Each record has to be repeated exactly as given.

Crawled caption data:
== Segment start ==

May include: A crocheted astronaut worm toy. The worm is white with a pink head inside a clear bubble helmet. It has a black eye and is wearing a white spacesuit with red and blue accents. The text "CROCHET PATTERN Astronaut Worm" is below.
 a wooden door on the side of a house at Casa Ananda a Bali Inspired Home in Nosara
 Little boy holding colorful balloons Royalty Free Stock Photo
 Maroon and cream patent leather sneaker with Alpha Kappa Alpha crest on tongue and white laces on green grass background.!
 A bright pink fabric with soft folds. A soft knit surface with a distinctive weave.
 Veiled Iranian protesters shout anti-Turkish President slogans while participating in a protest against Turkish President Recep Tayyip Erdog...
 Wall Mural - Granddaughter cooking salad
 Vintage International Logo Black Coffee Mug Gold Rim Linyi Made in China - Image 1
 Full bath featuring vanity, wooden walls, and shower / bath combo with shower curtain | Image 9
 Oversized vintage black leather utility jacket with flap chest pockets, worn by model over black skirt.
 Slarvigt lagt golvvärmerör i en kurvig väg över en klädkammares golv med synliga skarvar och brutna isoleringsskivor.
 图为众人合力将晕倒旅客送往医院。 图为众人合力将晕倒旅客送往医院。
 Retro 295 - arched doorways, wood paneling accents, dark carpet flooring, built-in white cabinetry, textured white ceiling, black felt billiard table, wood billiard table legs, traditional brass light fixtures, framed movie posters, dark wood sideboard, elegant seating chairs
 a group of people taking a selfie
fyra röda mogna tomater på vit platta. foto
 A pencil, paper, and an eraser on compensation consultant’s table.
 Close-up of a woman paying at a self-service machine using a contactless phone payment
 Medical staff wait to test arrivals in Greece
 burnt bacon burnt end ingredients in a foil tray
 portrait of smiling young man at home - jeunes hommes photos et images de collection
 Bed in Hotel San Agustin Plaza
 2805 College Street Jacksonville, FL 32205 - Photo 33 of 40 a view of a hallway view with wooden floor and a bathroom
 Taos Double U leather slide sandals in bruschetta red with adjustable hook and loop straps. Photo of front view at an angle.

== Segment end ==

__Task result__.
May include: A crocheted astronaut worm toy. The worm is white with a pink head inside a clear bubble helmet. It has a black eye and is wearing a white spacesuit with red and blue accents. The text "CROCHET PATTERN Astronaut Worm" is below.
 a wooden door on the side of a house at Casa Ananda a Bali Inspired Home in Nosara
 Little boy holding colorful balloons Royalty Free Stock Photo
 Maroon and cream patent leather sneaker with Alpha Kappa Alpha crest on tongue and white laces on green grass background.!
 A bright pink fabric with soft folds. A soft knit surface with a distinctive weave.
 Veiled Iranian protesters shout anti-Turkish President slogans while participating in a protest against Turkish President Recep Tayyip Erdog...
 Wall Mural - Granddaughter cooking salad
 Vintage International Logo Black Coffee Mug Gold Rim Linyi Made in China - Image 1
 Full bath featuring vanity, wooden walls, and shower / bath combo with shower curtain | Image 9
 Oversized vintage black leather utility jacket with flap chest pockets, worn by model over black skirt.
 Slarvigt lagt golvvärmerör i en kurvig väg över en klädkammares golv med synliga skarvar och brutna isoleringsskivor.
 图为众人合力将晕倒旅客送往医院。 图为众人合力将晕倒旅客送往医院。
 Retro 295 - arched doorways, wood paneling accents, dark carpet flooring, built-in white cabinetry, textured white ceiling, black felt billiard table, wood billiard table legs, traditional brass light fixtures, framed movie posters, dark wood sideboard, elegant seating chairs
 a group of people taking a selfie
fyra röda mogna tomater på vit platta. foto
 A pencil, paper, and an eraser on compensation consultant’s table.
 Close-up of a woman paying at a self-service machine using a contactless phone payment
 Medical staff wait to test arrivals in Greece
 burnt bacon burnt end ingredients in a foil tray
 portrait of smiling young man at home - jeunes hommes photos et images de collection
 Bed in Hotel San Agustin Plaza
 2805 College Street Jacksonville, FL 32205 - Photo 33 of 40 a view of a hallway view with wooden floor and a bathroom
 Taos Double U leather slide sandals in bruschetta red with adjustable hook and loop straps. Photo of front view at an angle.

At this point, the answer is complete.